**Problem to work on**
All lines from the one containing "Cherry tomatoes ripening" through the end of the material below are to be printed exactly, both ends included, minus pictures.

**Source data**
--- START ---
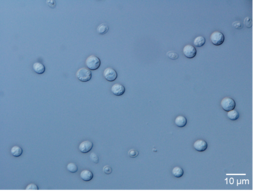 月桂冠総合研究所　酵母に燻製様の劣化臭を生産させない技術を開発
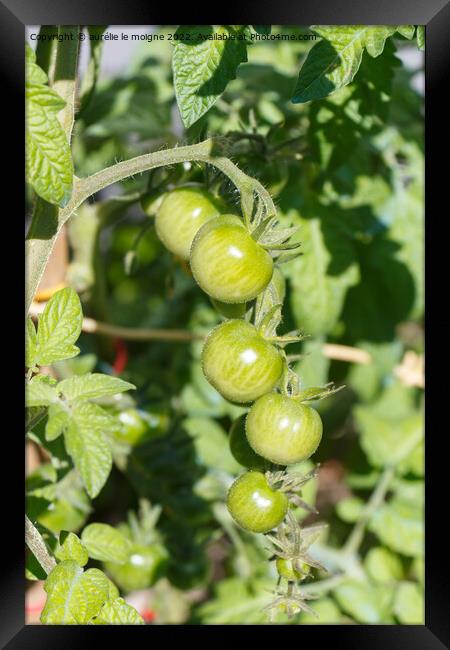 Cherry tomatoes ripening in an orchard Framed Print by aurélie le moigne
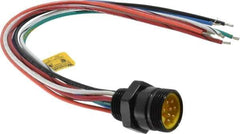 Brad Harrison - 7 Amp, Male Straight Receptacle - 600 VAC/VDC, 0.31m Cable Length, IP67 Ingress Rating - Apex Tool & Supply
--- END ---
**Response area**
 Cherry tomatoes ripening in an orchard Framed Print by aurélie le moigne
 Brad Harrison - 7 Amp, Male Straight Receptacle - 600 VAC/VDC, 0.31m Cable Length, IP67 Ingress Rating - Apex Tool & Supply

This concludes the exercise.